Nanoparticles composed of third-generation polypropylenimine dendrimers loaded with NIS have been shown to specifically accumulate NIS-dependent [99 mTc]pertechnetate in tumor-bearing mice (Chisholm et al. 2009). In a hepatocellular carcinoma mouse model, a nonviral vehicle based on linear polyethylenimine, polyethylene glycol and coupled to the synthetic peptide B6, with NIS as a theranostic gene, was able to induce tumor-specific radioiodide accumulation (Urnauer et al. 2017). Significant delay of tumor growth and improved survival was observed after 4 cycles of 131I therapy. This creates a new set of tools for gene delivery with therapeutic benefits not only in primary tumors but also, more importantly, in metastatic tumors. Moreover, these strategies allow the possibility to load a combination of several targeting ligands to improve the selectivity and efficiency of therapeutic approaches.

Cellular vectors

Mesenchymal stem cells (MSCs) have been studied as vehicles to express or deliver target genes in light of their low immunogenic potential and their propensity to migrate to injured and inflamed tissues (Aquino et al. 2010). Moreover, MSCs have natural tropism for tumors and their metastases, which can be focused by expression of different receptors and using tumor stroma-specific gene promoters linked to unique differentiation pathways that are activated as MSCs respond to tumor microenvironments (Reagan & Kaplan 2011, Knoop et al. 2015). Additionally, MSCs are easy to extract, expand and transduce in tissue culture and can be easily engineered to deliver viral or nonviral vectors containing a target gene.

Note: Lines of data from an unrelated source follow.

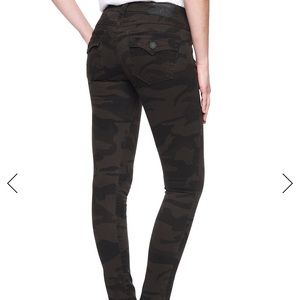 True Religion Skinny Camo Jeans Size 29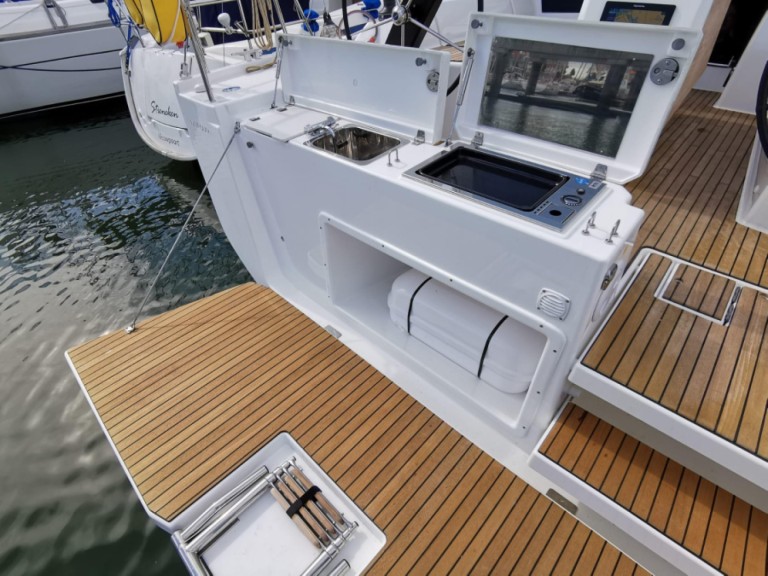 Dufour Dufour 390 in Lefkáda on SamBoat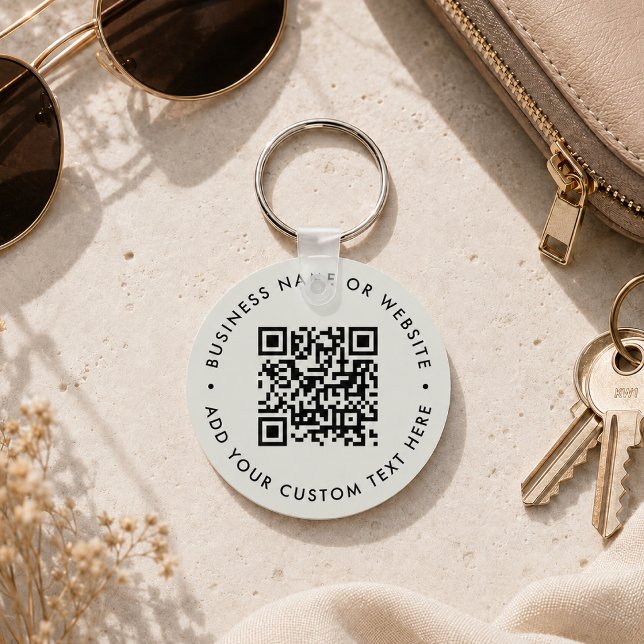 QR-Code | Minimalistisches Clean Simple Gray Budge Schlüsselanhänger (Interactive editable QR code keychains to promote your business, products or services.)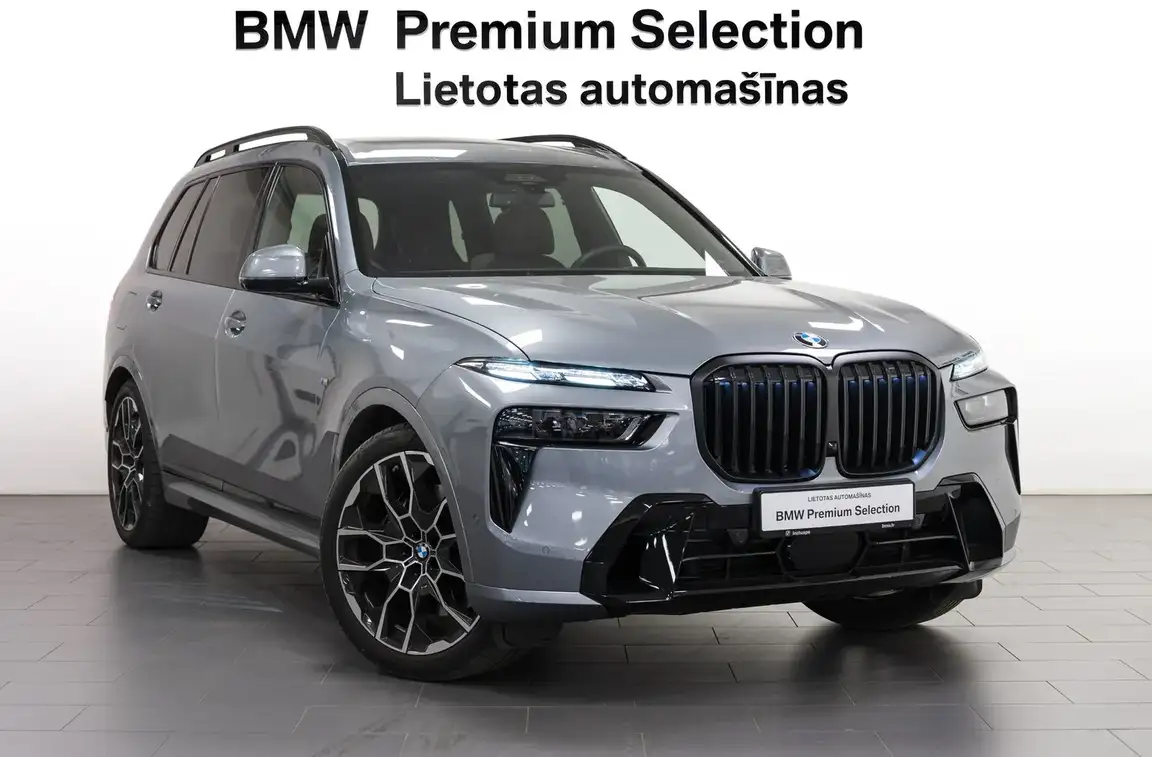 BMW X7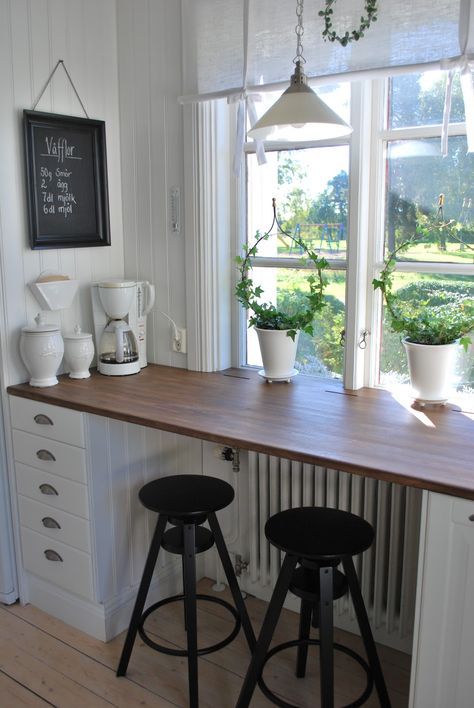 Maximizing Efficiency: Breakfast Bar
Tables with Storage Solutions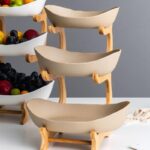 A Fruteira de Mesa Cesta de Frutas VipZio vai além de sua função prática – ela é uma peça elegante e multifuncional. Perfeita para embelezar mesas, organizar frutas frescas ou servir aperitivos com sofisticação. Com seu design em bambu, ela transforma qualquer envolvente, trazendo estabilidade entre utilidade e estilo.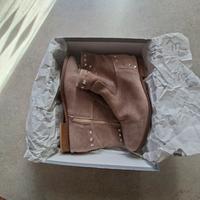 Stivaletti bassi in camoscio N°39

Along this line, MSCs have been engineered to transduce NIS in hepatocellular cancer (Knoop et al. 2011, Knoop et al. 2015, Muller et al. 2016) and breast cancer (Dwyer et al. 2011) mouse models with specific 131I tumor accumulation and significant delay of tumor growth. In addition, NIS has been used successfully used as a reporter to monitor MSC biodistribution and fate using lentiviral vectors (Shi et al. 2014) and baculovirus (Pan et al. 2013).

Future directions

As an essential component of TH signaling I has been studied extensively for many years. The defensive role of I as an antioxidant and antimicrobial in the form of IO is becoming more relevant, and it would be interesting to explore how it affects the body’s redox homeostasis through dietary I. It will also be important to determine to what extent I deficiency affects other health problems, such as inflammatory diseases, and the predisposition to neurodegeneration and certain cancers that have been linked to other molecules implicated in I metabolism. New I transporters have been recently identified, and it will be central to understand better their precise role in I homeostasis and to comprehend the relationships between them. Given that some of these transporters are highly expressed in cancer, it will also be crucial to know why tumor cells use I for survival and progression. Finally, the use of NIS as a therapeutic tool in antitumor treatments is now beginning to give encouraging results in ongoing clinical trials. Broadening the applications of NIS-mediated modalities to extrathyroidal cancers, both as a reporter and a therapy, will be a necessary next step.

Declaration of interest

The authors declare that there is no conflict of interest that could be perceived as prejudicing the impartiality of this review.

Funding

This work was supported by grants from the Ministerio de Economía y Competitividad and European Regional Development Fund (FEDER) SAF2015-69964-R (to A D l V) and SAF2016-75531-R (to P S), grant PI12-01201 from the Instituto de Salud Carlos III (to A D l V), grant GCB14142311CRES from Fundación Española Contra el Cancer (to P S), Programa de Biomedicina Comunidad de Madrid Grant B2017/BMD-3724 Tironet2 and CiberOnc from the Instituto de Salud Carlos III (to A D l V and P S).

Acknowledgements

The authors thank members of their research groups whose work and efforts have helped shed light on iodide metabolism and cancer. They apologize in advance to all the investigators whose research could not be cited because of space and references limitations.